My view is quite different.
I think there's a huge difference in being religious and having faith, and they don't necessarily go together.
Generally speaking being religious is giving all your personal power away to somebody's interpretation of scriptures. The Church telling you what you can and can't do. Telling you you'll go to hell. That God is vengeful. It's all based on fear, and suppression.
Having faith in yourself, loving yourself, following your heart (or passion) and trusting your own 'spirit' is completely different. That's where the power and strength lies.
If you have confidence and belief in yourself then start with small steps. It's not necessarily going to be easy and straightforward but when you start doing something you're passionate about doorways start opening.
If something's not working change it.
The important thing is to learn to trust your own intuition. We rarely know where we're going, or how things will unfold, but that's the journey of life.

Start with something small and build on it.
And believe in yourself.

I think there's a huge difference in being religious and having faith, and they don't necessarily go together.

This is an underrated statement. Religion is one of the worst things to come out of Christianity.**
(*Christianity as I define as following Jesus Christ, as our Lord and Saviour, and belief in the Trinity, Father, Son & Holy Spirit.)

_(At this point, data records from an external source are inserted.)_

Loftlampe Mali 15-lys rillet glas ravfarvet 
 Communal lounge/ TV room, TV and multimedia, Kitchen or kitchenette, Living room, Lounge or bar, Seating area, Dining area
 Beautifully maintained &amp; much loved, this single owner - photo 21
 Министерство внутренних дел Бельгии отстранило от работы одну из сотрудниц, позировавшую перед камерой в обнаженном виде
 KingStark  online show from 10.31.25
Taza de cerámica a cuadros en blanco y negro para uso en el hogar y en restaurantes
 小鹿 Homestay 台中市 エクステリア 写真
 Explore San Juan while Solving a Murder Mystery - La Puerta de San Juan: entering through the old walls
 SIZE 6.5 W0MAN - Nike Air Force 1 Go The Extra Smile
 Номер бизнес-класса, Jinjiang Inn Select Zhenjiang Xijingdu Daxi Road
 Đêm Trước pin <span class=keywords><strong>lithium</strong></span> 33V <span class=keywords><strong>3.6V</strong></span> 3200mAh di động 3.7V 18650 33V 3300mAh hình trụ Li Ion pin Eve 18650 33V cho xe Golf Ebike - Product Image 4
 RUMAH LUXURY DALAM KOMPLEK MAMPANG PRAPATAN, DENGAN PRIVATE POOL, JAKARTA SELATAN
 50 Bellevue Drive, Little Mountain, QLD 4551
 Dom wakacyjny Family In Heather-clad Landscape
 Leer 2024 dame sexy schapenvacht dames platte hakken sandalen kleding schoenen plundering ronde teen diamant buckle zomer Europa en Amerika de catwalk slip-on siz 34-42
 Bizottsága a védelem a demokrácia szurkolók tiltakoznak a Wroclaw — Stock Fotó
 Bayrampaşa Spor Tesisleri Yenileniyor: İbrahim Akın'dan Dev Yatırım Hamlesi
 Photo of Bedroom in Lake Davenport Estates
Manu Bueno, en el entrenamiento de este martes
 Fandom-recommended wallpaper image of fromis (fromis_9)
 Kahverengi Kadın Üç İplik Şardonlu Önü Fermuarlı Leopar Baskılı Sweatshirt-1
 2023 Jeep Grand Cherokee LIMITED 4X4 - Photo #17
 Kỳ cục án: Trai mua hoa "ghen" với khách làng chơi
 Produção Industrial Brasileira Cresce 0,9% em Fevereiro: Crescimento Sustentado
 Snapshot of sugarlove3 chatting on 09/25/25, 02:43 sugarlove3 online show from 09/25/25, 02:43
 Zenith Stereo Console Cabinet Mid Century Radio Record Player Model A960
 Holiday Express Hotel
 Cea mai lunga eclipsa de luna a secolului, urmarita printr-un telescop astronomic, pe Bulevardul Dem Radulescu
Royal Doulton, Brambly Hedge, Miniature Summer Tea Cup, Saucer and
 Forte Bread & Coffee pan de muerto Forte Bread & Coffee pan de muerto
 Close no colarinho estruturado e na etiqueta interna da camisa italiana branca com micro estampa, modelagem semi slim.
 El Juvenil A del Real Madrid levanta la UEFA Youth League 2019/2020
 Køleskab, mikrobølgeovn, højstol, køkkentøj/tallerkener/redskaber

Religion was created by men, thus is actually flawed, and therefore can actually hurt people, when Jesus' message was to do the opposite.


I have a personal faith, in that I believe in the above. I attend a Baptist Church weekly, and bible study group on a weeknight. I love to share my faith, but will never force it upon anyone else. God created us to have our own free will, and it is up to us to choose how to live our lives. Personally I know how much better my life is when I am reading the Bible, and praying and generally being "Close to God". We live in a fallen world, so then I get complacent and "drift away" till something happens in my life to remind me to get back on track.
 
Well I am happy for people to be Religious but I hate it when they Force it on People who are not Religious or don’t go to Church and read the Bible.

No Knock on You muzzy2 just saying in General. I know a Minister and he is a great bloke as when he is not in Church he does not shove it down you Throat
 
I need to soak in the positive messages in this thread myself, just lost my job yesterday and my head is spinning
That's really bad news speedy. I'm sorry to hear it.

Take care, and we're all thinking of you.